Die Versicherungsanstalt stellte am Beginn der Fitneßstrecke eine Tafel auf, auf der unter anderem vermerkt ist, daß die Fitneßstrecke von der Versicherungsanstalt in Zusammenarbeit mit der nun beklagten Gemeinde nach einem von einem Universitätsinstitut entwickelten System verwirklicht worden sei. Daran knüpft sich der Hinweis: "Die Benützung ist frei, erfolgte jedoch auf eigene Gefahr."

In den folgenden Jahren veranlaßte der Gemeindesekretär, der gleichzeitig auch Vorstandsmitglied des örtlichen Fremdenverkehrsvereines war, daß die beiden Arbeiter der Gemeinde die Fitneßstrecke betreuten. Wenigstens zweimal erteilte der Gemeindesekretär den beiden Gemeindearbeitern den ausdrücklichen Auftrag, die bei einer Übungsstation der Fitneßstrecke fehlenden Holzteile zu ergänzen und die übrigen Geräte auf ihre Funktionstüchtigkeit und Haltbarkeit zu überprüfen. Einige Jahre nach der Eröffnung der Fitneßstrecke ersuchte der Obmann des Fremdenverkehrsvereines den Bürgermeister, Säuberungsarbeiten auf der Strecke durch Gemeindebedienstete durchführen zu lassen. Daraufhin wies der Bürgermeister den bereits erwähnten Gemeindesekretär an, die Gemeindearbeiter, wenn diese am Badesee zu arbeiten hätten, damit zu beauftragen, auch die Fitneßstrecke zu besichtigen. Der erwähnte Gemeindesekretär beging im Zuge von Wanderungen selbst etwa einmal im Monat die Fitneßstrecke und achtete dabei auf deren Zustand, um erforderlichenfalls Arbeiter zur Säuberung der Anlage zu entsenden. Wenn der Bezirksstellenleiter der Versicherung die Fitneßstrecke beging und dabei Schäden feststellte, wandte er sich an den Bürgermeister oder an den Gemeindesekretär, die dem Bezirksstellenleiter der Versicherung erklärten, daß die angegebenen Mängel durch Gemeindebedienstete behoben würden. Derartige Instandsetzungen wurden dann auch tatsächlich ausgeführt. Wenn sich Benützer der Fitneßstrecke beim Bezirksstellenleiter der Versicherung über den Zustand der Anlage beschwerten, ging dieser der Bemängelung nach und ersuchte die Gemeinde um Behebung der Mängel. Weder der Bürgermeister noch der Gemeindesekretär haben Instandsetzungsersuchen des Bezirksstellenleiters der Versicherung jemals zurückgewiesen. Deshalb wandte sich dieser immer an die nunmehr beklagte Gemeinde.

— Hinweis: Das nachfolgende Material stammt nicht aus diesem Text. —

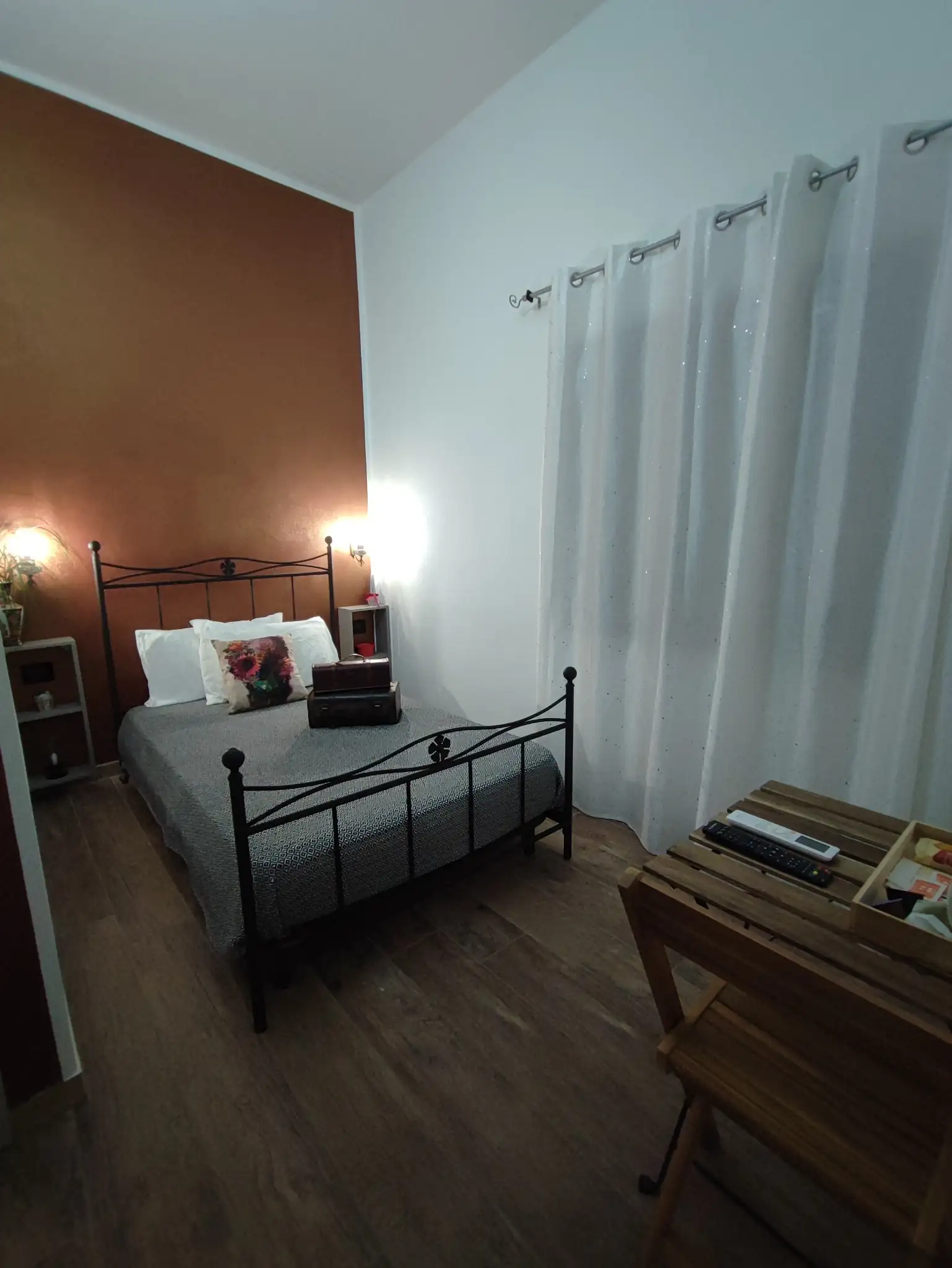 Noir Room – camera singola moderna a Cagliari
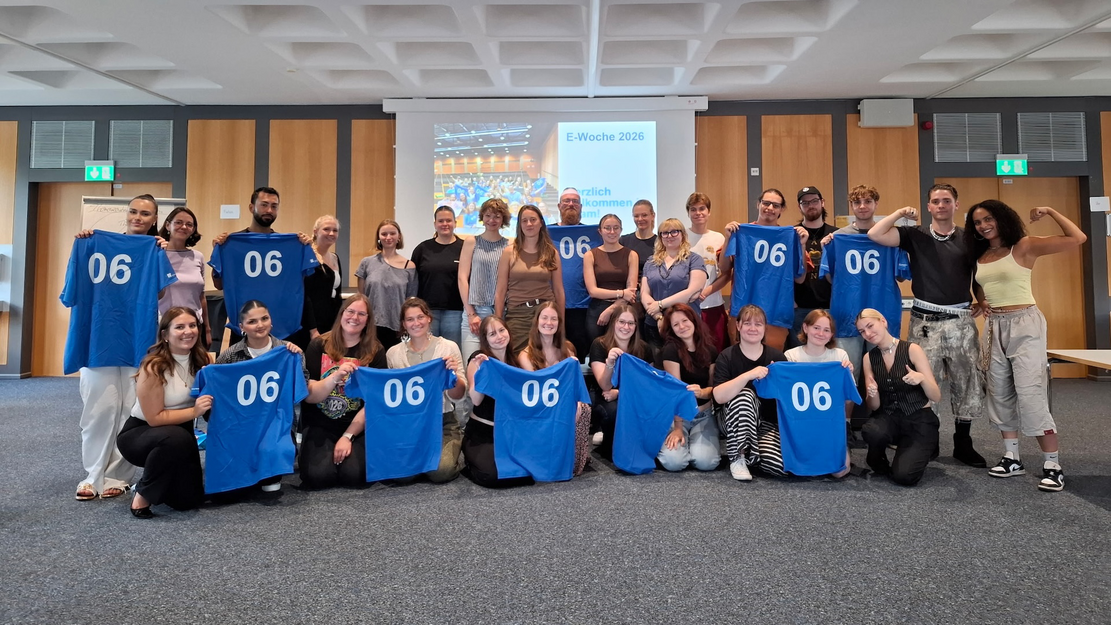 Gruppenfoto der Erstitutor:innen
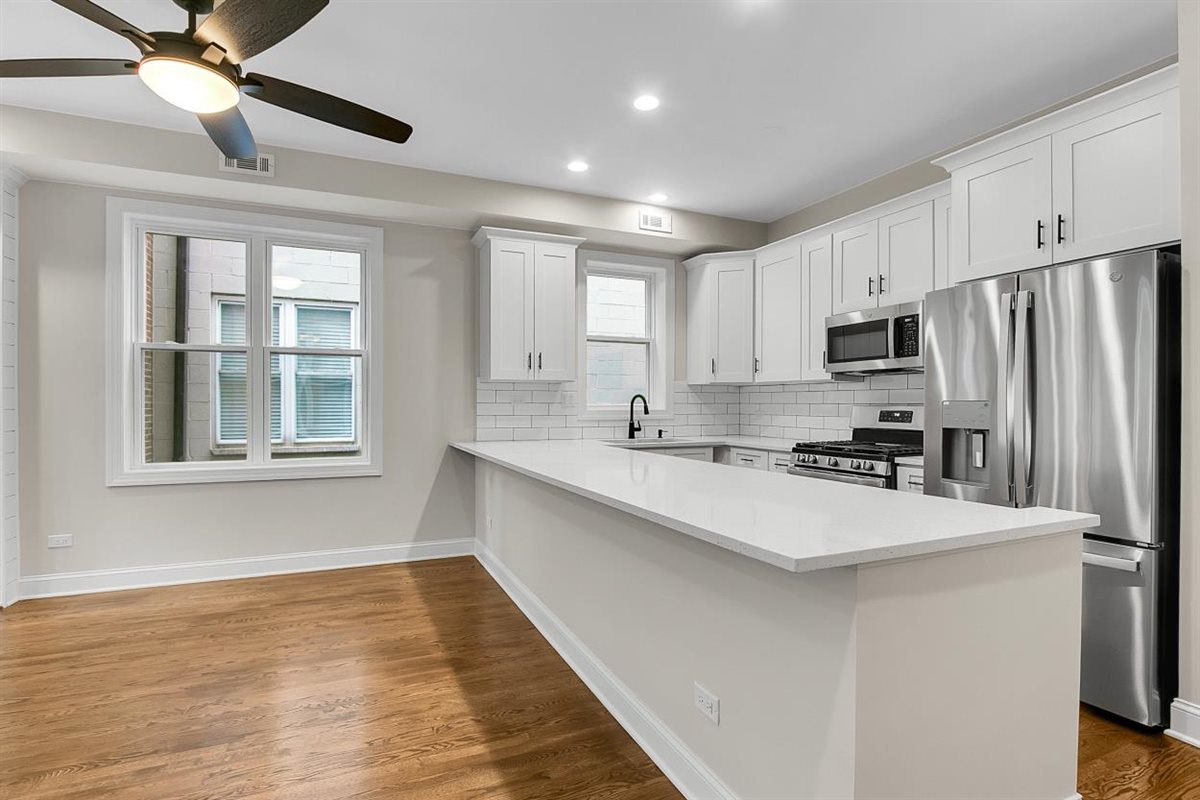 1322 W Belmont Avenue #2W, Chicago, IL 60657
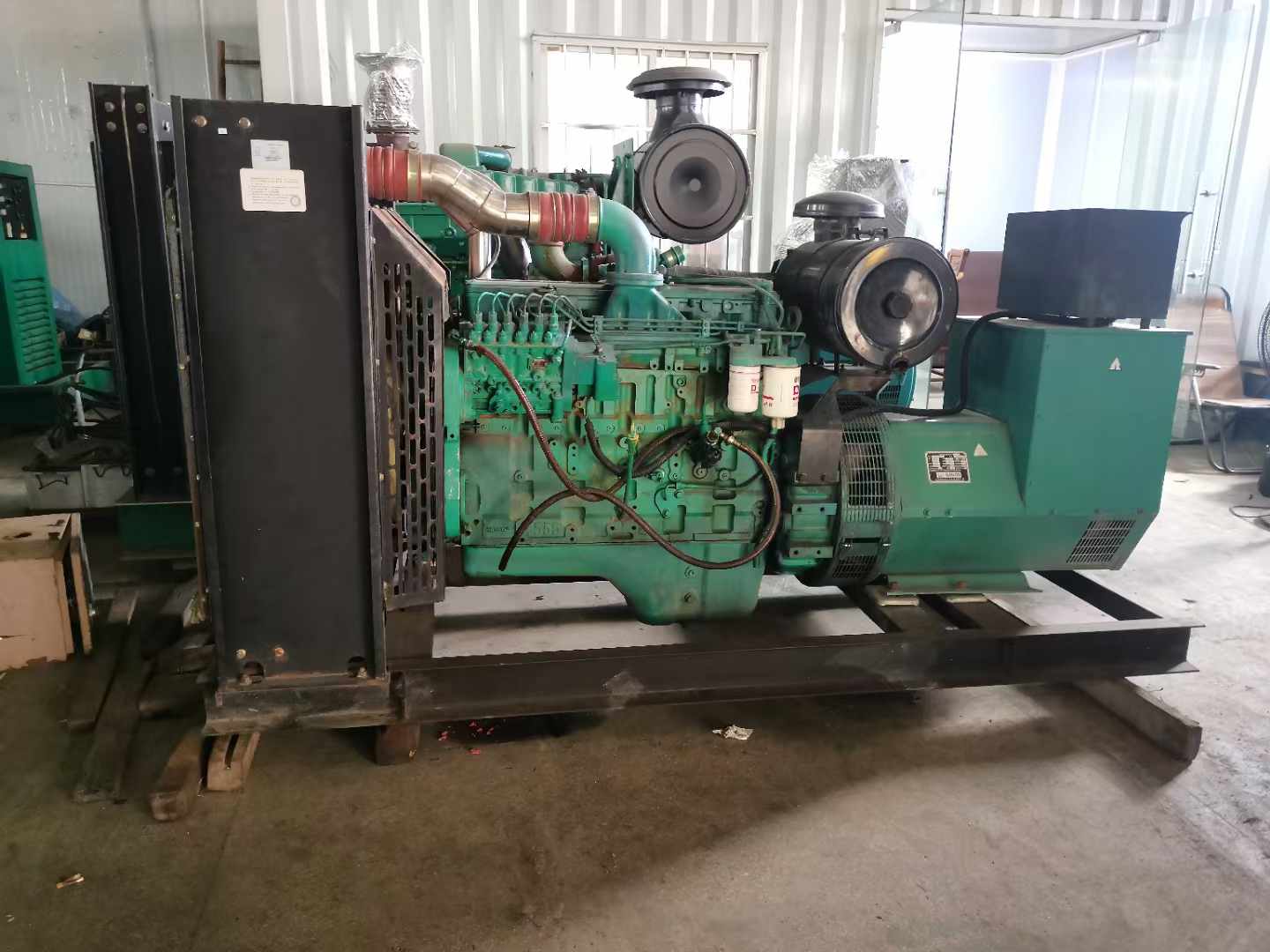 海陵发电机租赁如何确定电缆的承载电流是否在安全范围内？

Im Herbst 1981 stellte der Bezirksstellenleiter der Versicherung einen Windbruch des Baumes fest, an dem das spätere Unglücksgerät befestigt war. Er teilte seine Beobachtung der Gemeinde mit der Bemerkung mit, daß der Baum abgeschnitten gehörte.

Es ist nicht mehr feststellbar, wer daraufhin den Stamm des beschädigten Baumes abgeschnitten und die vordem seitlich mittels eines sogenannten U-Eisens an den Stamm angeklammerte Eisenstange auf die neue Schnittfläche oben aufgelegt und dort mittels einer sogenannten "U-Klampfe" befestigt hat.

Nach dem Unfall ließ die Versicherungsanstalt anläßlich des zehnjährigen Bestandes der Fitneßstrecke diese Anlage auf ihre Kosten instandsetzen. Aus diesem Anlaß übernahm der Fremdenverkehrsverein die Fitneßstrecke, beaufsichtigt sie seither und hat auch eine Haftpflichtversicherung abgeschlossen. Am Unfallstag lag auf der als Auflagefläche der Stange dienenden Schnittfläche des abgeschnittenen Baumstammes eine Schneehaube. Der Waldboden unterhalb der Stange war teilweise mit Schneeflecken bedeckt, die dort verlaufenden Baumwurzeln aber waren sichtbar. Die Klägerin überprüfte vor der als "Beugehang" bezeichneten Übung die Befestigung der Stange nicht. Als sie im Sinne der beschriebenen Übung mit ihrem vollen Gewicht die Stange belastete, löste sich diese aus ihrer Befestigung.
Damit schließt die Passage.